To start with, before you add the Buy button, you should make sure it isn’t already there.  Two of them might serve to emphasize to the Trial user that you’re really serious about getting paid for your app, but three might be overkill.  So, use this to see if you already have one:

private bool BuyMeButtonPresent()
{
    bool result = false;
    string bt = string.Empty;

    for (int x = 0; x < ApplicationBar.Buttons.Count; x++)
        {
            bt = (ApplicationBarIconButton)ApplicationBar.Buttons[x]).Text;
            if ((bt == "Buy")
           {
                result = true;
           }
    }
    return result;
}

As you can see, the method loops through each of the buttons, checking them to see if any of them has “Buy” in its Text property, and if so then it returns True.

Now, if you have an existing button that you need to get rid of, simply use the same strategy, and loop through the AppBar’s buttons, removing the one(s) you need to remove.

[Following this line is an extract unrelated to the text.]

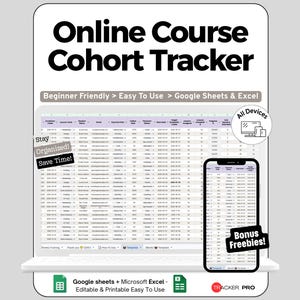 Online Course Spreadsheet for Google Sheets and Excel Cohort Tracking Engagement Monitoring and Revenue Dashboard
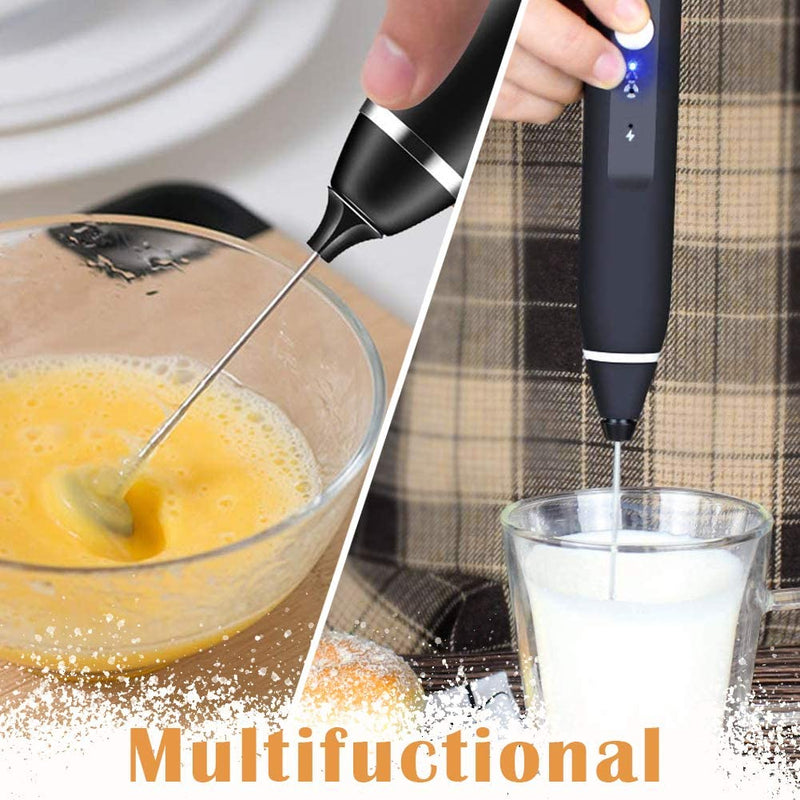 Black & Silver - Rechargeable Electric Milk Frother Handheld (3 Speeds)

private void RemoveBuyMeButton()
{
    string bt = string.Empty;
    for (int x = 0; x < ApplicationBar.Buttons.Count; x++)
    {
        bt = (ApplicationBarIconButton)ApplicationBar.Buttons[x]).Text;
        if ((bt == "Buy")
        {
            ApplicationBar.Buttons.RemoveAt(x);
        }
    }
}

And once you’ve satisfied yourself that you don’t have any such button, and you want to add one, well, here’s how you do that:

private void AddBuyMeButton()
{
    ApplicationBarIconButton b = new ApplicationBarIconButton();
    b.IconUri = new Uri("/Images/BuyMe.png", UriKind.Relative);
    b.Text = "Buy";
    b.Click += BuyMe_Click;

    ApplicationBar.Buttons.Add(b);
}

Note that the BuyMe_Click event method included above already exists in the app’s code; you just need to add it to the new button’s Click event as shown above.

Note carefully, that I did not check to see if it is a good idea to remove the reference to the Click event if you are removing the button from the AppBar — in my case, this removal would happen exactly once during the app’s lifetime in any event, so if it were a loose end remaining, it wouldn’t be particularly loose. If you have a need to remove and re-add a button time after time while the same app instance is running, then perhaps you better make sure this isn’t going to be a problem. I can’t do everything for you, you know!